Although the role and mechanism of cell size in stem cell regulation have not been completely defined, it has been reported that cell size is related to cell cycle , cell proliferation [2–4], and differentiation [5–7]. The cycle time between successive cell divisions in higher eukaryotes has been shown to depend on cell size, which under normal conditions is divided into two phases, corresponding to a sizer and timer . A size-sensing mechanism in animal cells has been recently proposed, suggesting that an active size threshold mechanism exists in the G1 phase, which induces adjustment of cell-cycle length in the next cycle, thus ensuring maintenance of a proper balance between growth and proliferation rates in vertebrates [8, 9]. Recently, spore-like cells were reported as adult stem cells in virtually every tissue of the body.

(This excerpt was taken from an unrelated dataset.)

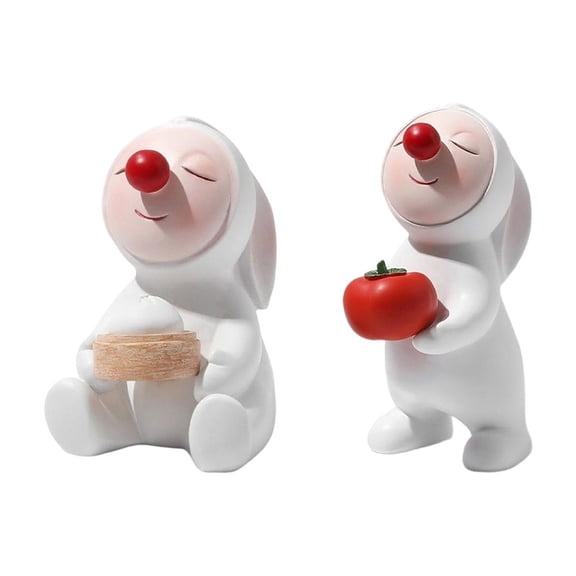Axioma 2 Pieces Bunny Figurines Red Nose Rabbit Statues for Home Easter Decoration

These small cells, measuring 3 to 7 μm, seem to lie dormant until activated by injury or disease. Being dormant, they survive in extremely low oxygen environments and have an exceptional ability to survive in hostile conditions, known to be detrimental to mammalian cells, including extremes of temperature. They are undifferentiated cells consisting predominantly of the nucleus within a small amount of cytoplasm containing a few mitochondria, and they have the potential to generate numerous adult stem cells .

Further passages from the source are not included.